Prof Nakano, who holds two Bachelor degrees from the Universities of Tokyo and Oxford and an MA and PhD from Princeton University, delved into history to elaborate on the proximity of religion and politics in Japan.

He reminded the audience that the Yasukuni shrine (a controversial site because critics say it dignifies war criminals) dated from the Meiji period (1868-1912) and commemorated those who died fighting enemies of the Emperor. It was a shrine to national peace – the peace of the Emperor. Those whom it honoured, warriors who were willing to sacrifice their lives in the Russo-Japanese war, the Sino-Japanese war, and World War II, were prepared to serve and ensure that other people would remain subservient to the ruler.

He said that Japanese politics was “practically frozen” for the length of the Cold War. That structure lasted for 38 years, until under the rule (1982-87) of Prime Minister Yasuhiro Nakasone when Japan embarked on a move to offer voters a meaningful political choice – Britain was seen as the model for that change with the aim of a viable two-party system emerging. Reforms were implemented at a time when the LDP already had a huge amount of power in terms of its cosy relationships with the bureaucrats and media organisations. Even when the LDP fell from power in 2006-09, the opposition Democratic Party of Japan had a much harder time because it was surrounded by hostile forces: a parallel was certain parties continuing to exert influence in post-Communist states.

“One-party domination is very much entrenched, and it is very hard to put an end to it, ” said Prof Nakano. In answer to a question from the audience, he said: “How to change this? I am in agreement with Lord Smith on the need to restore political balance in society. There is too much power given to the technocrats, the mass media, and the big corporations in Japan as well. You do need to restore balance in the wider society.” The media was getting closer to those in power and “it is getting worse and worse. When it comes to documentary programmes and news, it is quite different from what we used to have.”

On December 14 2014, the ruling coalition dominated by the LDP won a two-thirds majority in the House of Representatives, although with slightly fewer seats and on a turnout of 52%,  the lowest in postwar history.

Baron Trevor Smith of Clifton.

Baron Trevor Smith of Clifton.

After he was first elected in 2012, Mr Abe launched drastic measures, mainly increasing public spending and printing money, but in the second half of 2014, the economy – which as measured in nominal GDP is larger than that of Germany and the UK combined – slid back into recession after a rise in sales tax.

Prof Nakano said that essentially the proposition Mr Abe put to the public was that his economic remedy was not going to work, “but you need to extend my mandate.”

“That is why, ” continued the professor, “so many people decided not to vote, because it does not seem a good idea to have a second coronation of someone who is failing in economic management.” At the same time, the opposition had no economic policy to offer.

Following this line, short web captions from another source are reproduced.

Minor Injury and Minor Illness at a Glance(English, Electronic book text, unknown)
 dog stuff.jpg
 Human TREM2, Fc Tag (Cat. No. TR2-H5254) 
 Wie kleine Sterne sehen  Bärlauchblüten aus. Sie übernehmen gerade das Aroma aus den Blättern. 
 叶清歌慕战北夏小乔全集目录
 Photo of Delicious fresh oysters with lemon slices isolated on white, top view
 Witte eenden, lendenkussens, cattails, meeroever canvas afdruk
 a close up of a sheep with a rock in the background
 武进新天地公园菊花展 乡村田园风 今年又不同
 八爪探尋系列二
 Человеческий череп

“Why did Abe call this snap election in the first place? He wanted to reinforce his dominant position, so it is back to the traditional Japanese view about making people subservient through state power.”

On another level, there were signs of change, with activism growing since the 2011 Tohoku region earthquake and tsunami 400 km north of Tokyo, but party politics remained rather detached from it apart from the small Communist Party which was making an alliance with the new movements. The Communist Party nearly tripled its number of seats to 21, which will allow it to present parliamentary Bills.

Voters were frustrated, but in the proportional representation section of the poll they did have a choice, and in that the LDP’s share of the vote over the years had remained steady at between 16% and 18%.

Prof Nakano was even more cheered by the poor showing in the election of extreme right wingers.

Prof Nakano spoke of a majority of people choosing to exit from politics. There was a consensus assumption that because of the state of the economy “we do not have the money, and then the debate stops. So there is no way the political parties can compete based on material questions.” When parties were not able to provide much in terms of welfare they competed in the language of extreme identity such as vilifying foreigners. That was one reason why internationally there was emphasis on issues such as gay marriage – they did not cost anything in financial terms.

The problem in many countries was how to have a viable liberal democracy within the local state, when the economy has become so globalised.

Prof Nakano was pessimistic over the development of a healthy two-party framework. In the system in operation in 1955, the opposition ‘socialist’ Democratic Party of Japan and the Communist Party together polled 30% of the vote; the result on a district basis was roughly the same in the December 2014 elections.

“So you have a government without significant checks in the party system, ” said Prof Nakano, and the LDP was getting into areas that used to be considered off limits to party politics, such as the appointment of the governor of the Bank of Japan and other positions.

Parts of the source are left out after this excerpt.